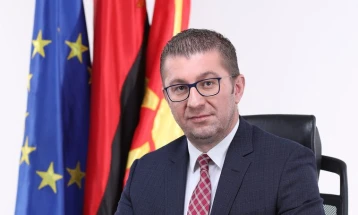 Мицкоски повика на протест во одбрана на црвените линии на македонскиот идентитет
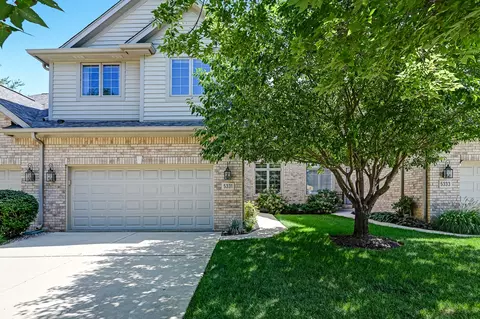 5331 Commonwealth Ave, Western Springs, IL 60558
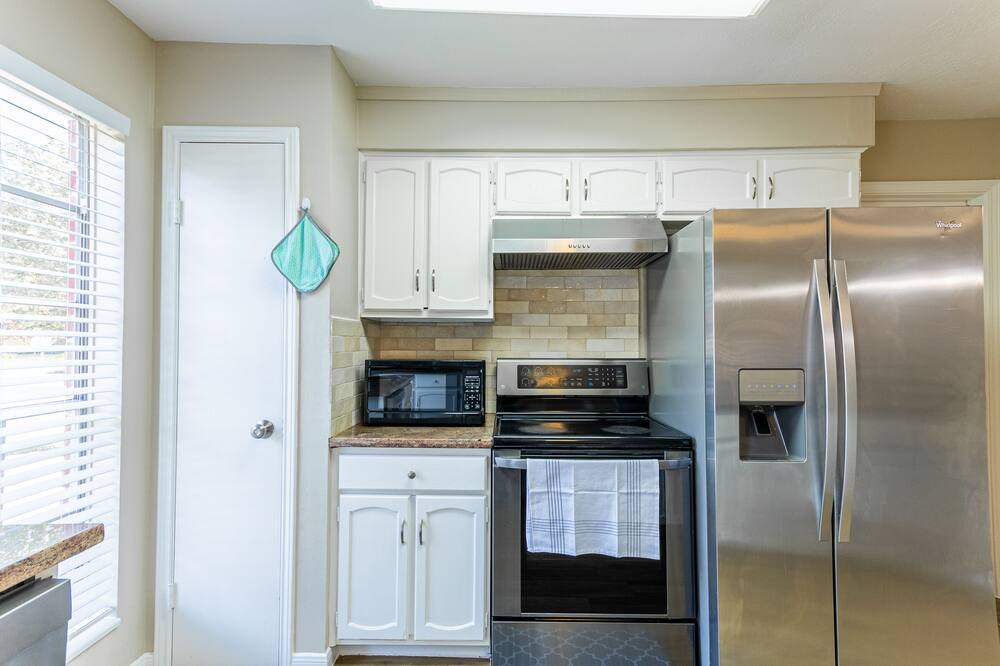 Photo of Kitchen in Nassau Bay
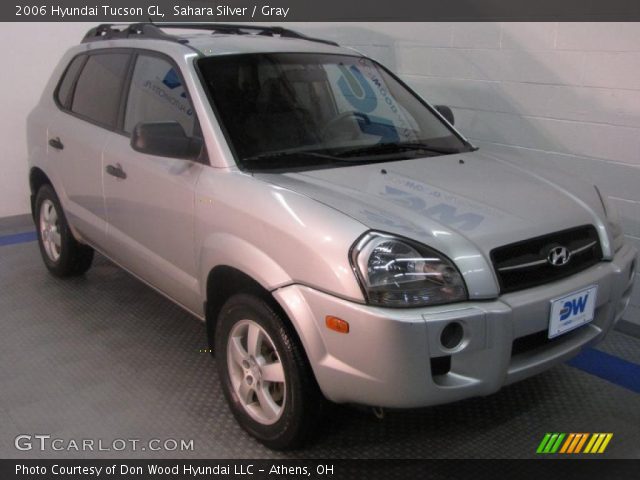 2006 Hyundai Tucson GL in Sahara Silver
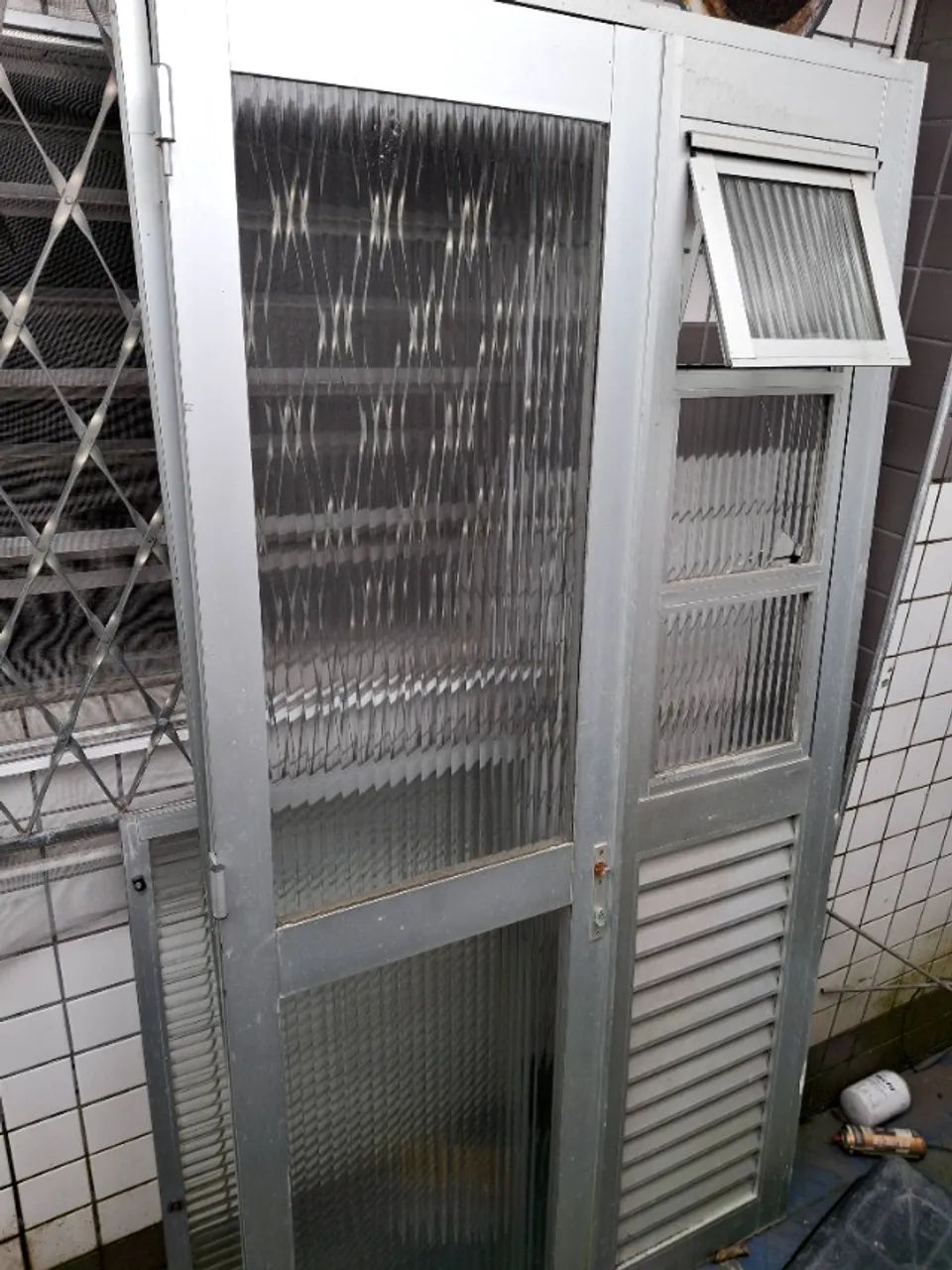 Porta de entrada de aluminio. - Foto 2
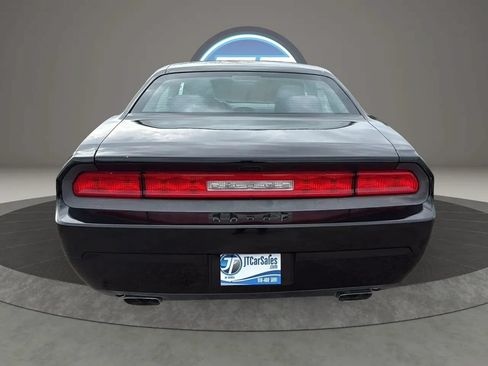 Used 2014 Dodge Challenger SXT RWD image 9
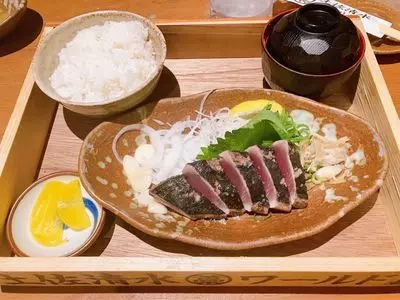 土佐清水ワールド 三宮生けすセンター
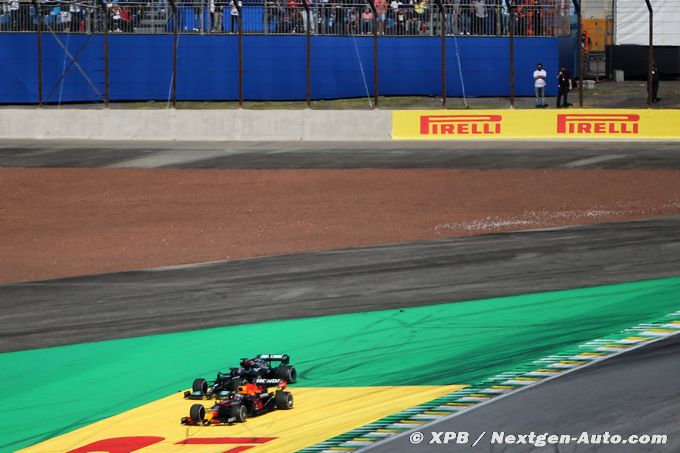 Verstappen explique sa défense (...)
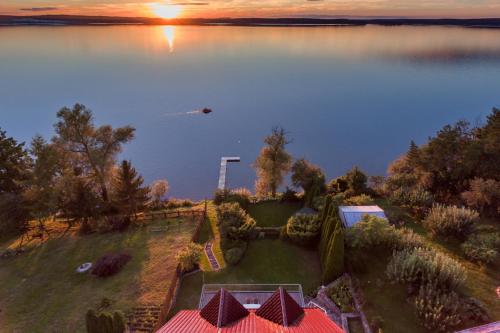 . Ferienhaus Malgosia direkt am See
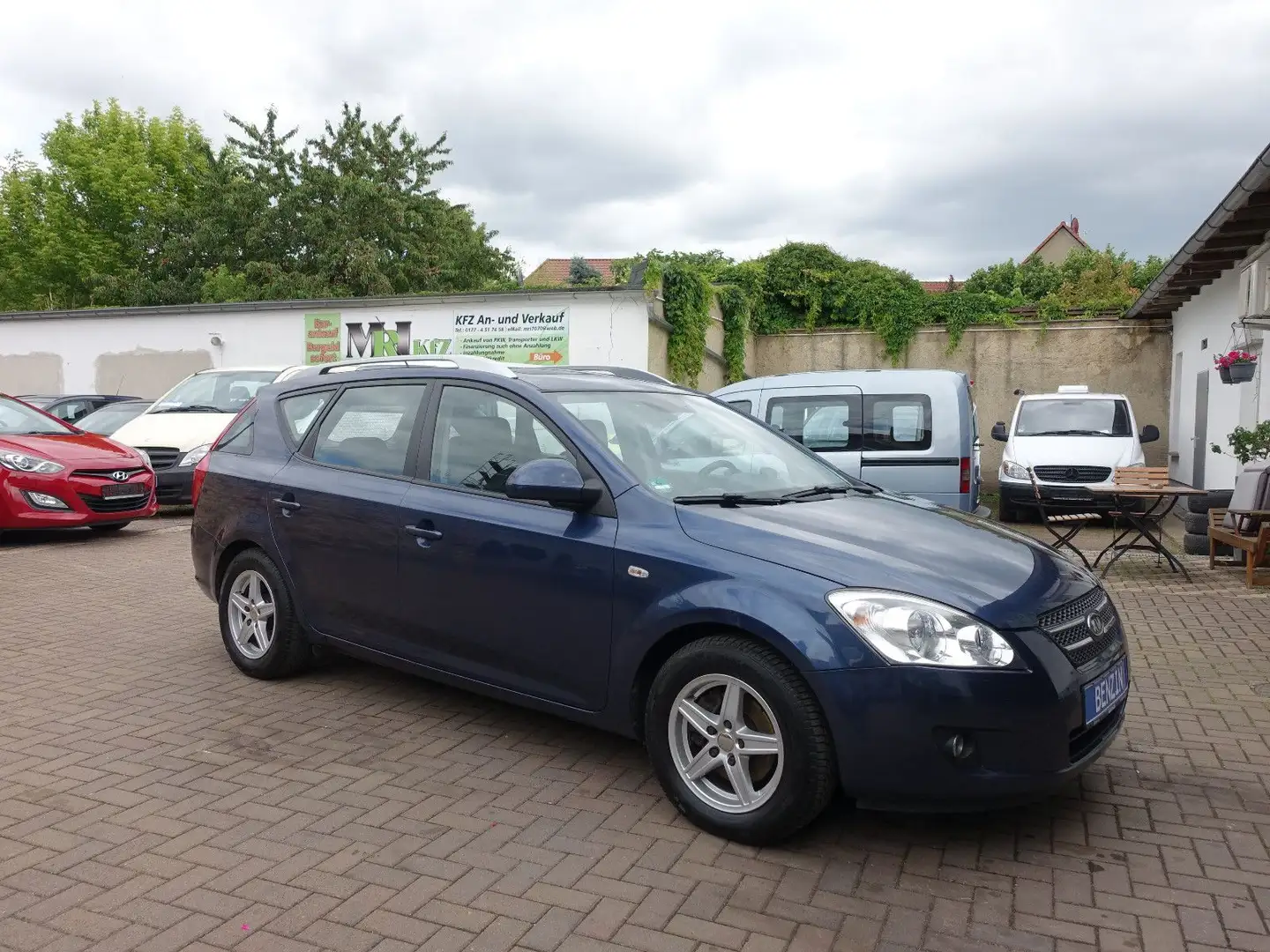 Kia Ceed / cee'd 1,6 Kombi, EU4, Motorenschaden !! Azul - 1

══════

▶ [WHAT YOU HAVE TO DO]: Beginning with the line that contains "Verstappen explique sa défense (...)" and ending with the last line of the data, restate each line word for word. Exclude the pictures.

▶ [RESPONSE TO THE EXERCISE]:
 Verstappen explique sa défense (...)
 . Ferienhaus Malgosia direkt am See
 Kia Ceed / cee'd 1,6 Kombi, EU4, Motorenschaden !! Azul - 1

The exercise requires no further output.